Football

A trois jours du deuxième Clasico de la saison qui verra s’affronter le leader rouche et son dauphin mauve, la tension et l’excitation montent petit à petit. A Sclessin, c’est dans la plus grande sérénité qu’on prépare ce choc au sommet. Laurent Ciman, lui, a hâte de voir arriver le jour J.

Laurent, il n’y a pas eu d’excès au repas de fin d’année ?

Absolument pas. Il ne faut pas déconner, nous avons un match très important dimanche. Tout s’est bien passé.
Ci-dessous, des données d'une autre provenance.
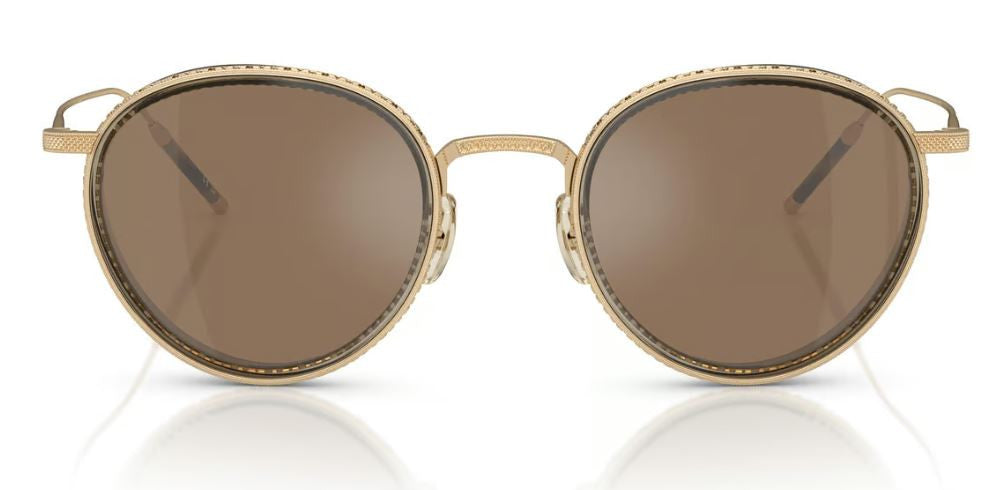 Óculos de Sol Oliver Peoples Tk-8 OV1318ST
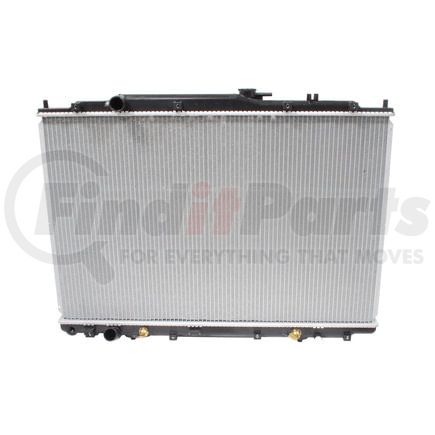 221-3217 by DENSO - Radiateur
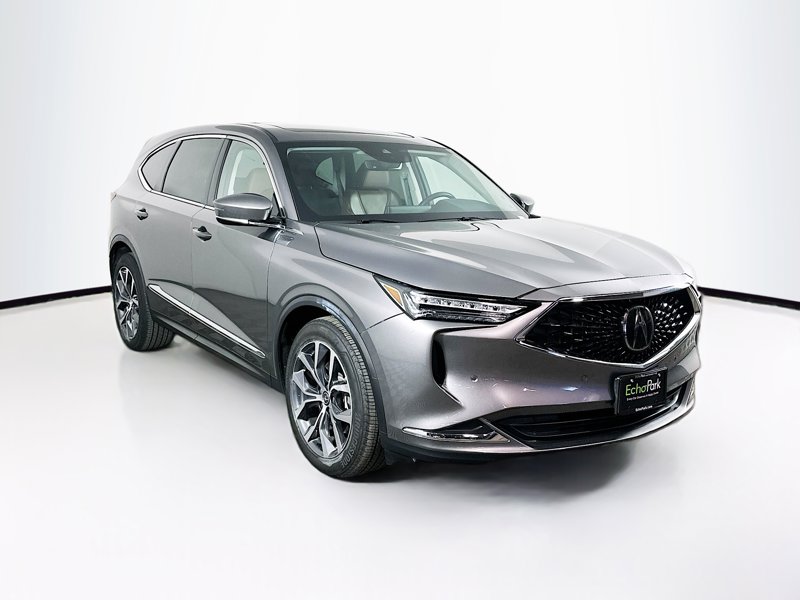 2023 Acura MDX SH-AWD w/Technology Package's photo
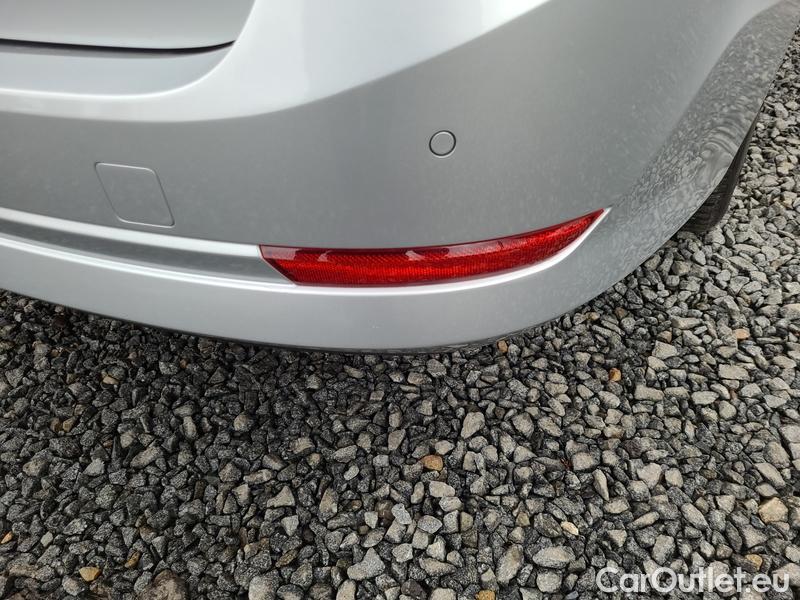 Skoda  Octavia  Combi (NX3)(2020) Oct.Combi 2.0TDI 110 Style AT #6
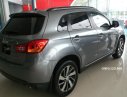 Mitsubishi Outlander Sport 2017 - Bán xe Mitsubishi Outlander Sport, gầm cao nhập Nhật nguyên chiếc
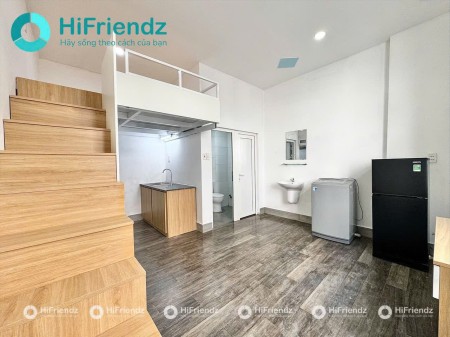 Duplex Xịn Xò, Tiện Nghi Cao Cấp, Giáp HuTech, GTVT. Ở 4 Người Thoải Mái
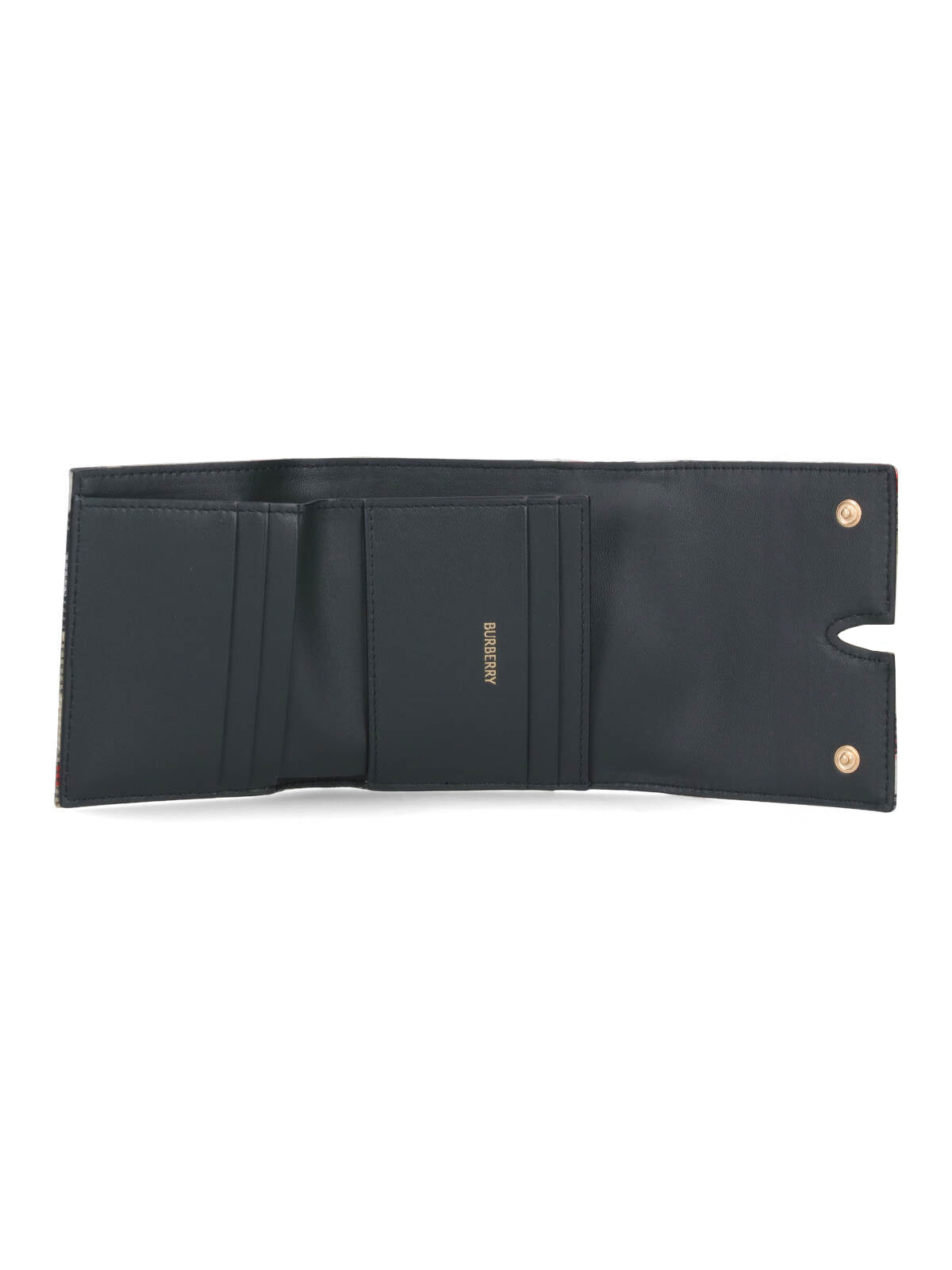 Burberry Wallets Beige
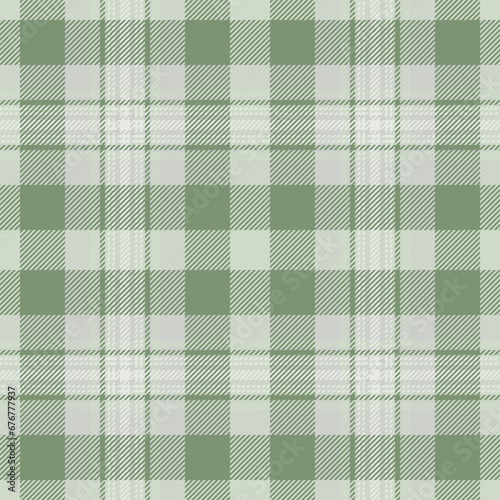 Pattern textile tartan of plaid check seamless with a background texture fabric vector.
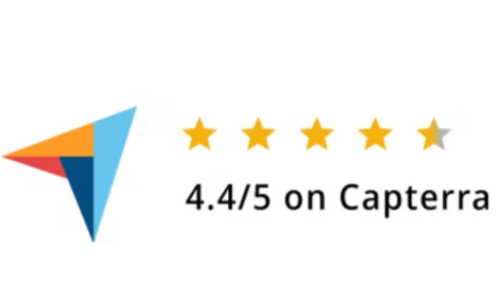 Capterra Adaptive
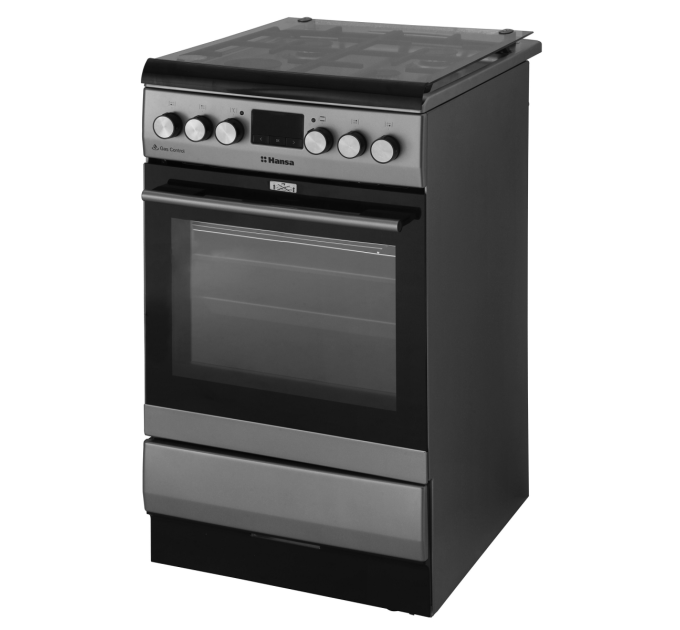 Hansa Комбінована плита Hansa FCMS582254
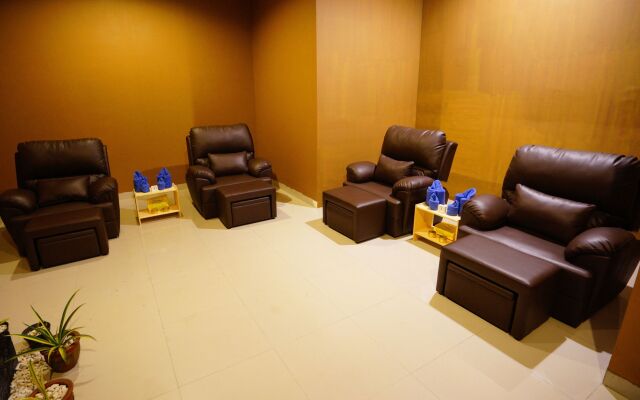 Meize Hotel Bandung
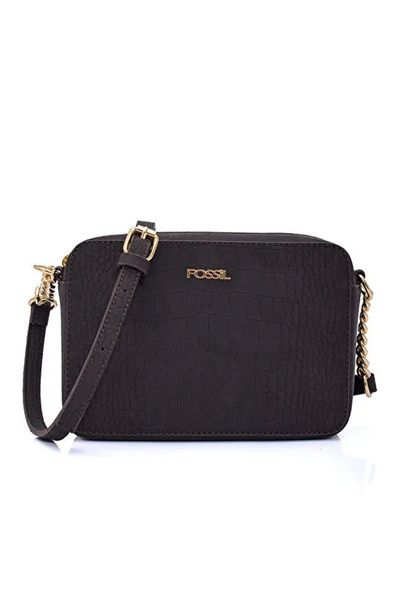 Fossil Women's Chic Crossbody Bag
Le staff vous a octroyé deux jours de congé durant une semaine de Clasico…

C’était important de souffler un peu après l’accumulation des matches. Nous avons rechargé les batteries auprès de la famille. C’est très important avant le dernier sprint final.

Avec quatre affrontements par saison, le match de dimanche a-t-il la même saveur ?

On a toujours envie de remporter ce genre de match d’autant que, de notre côté, on peut réaliser une très belle opération comptable. On sait également qu’en PO1 , il faut diviser les points par deux donc on ne s’emballe pas.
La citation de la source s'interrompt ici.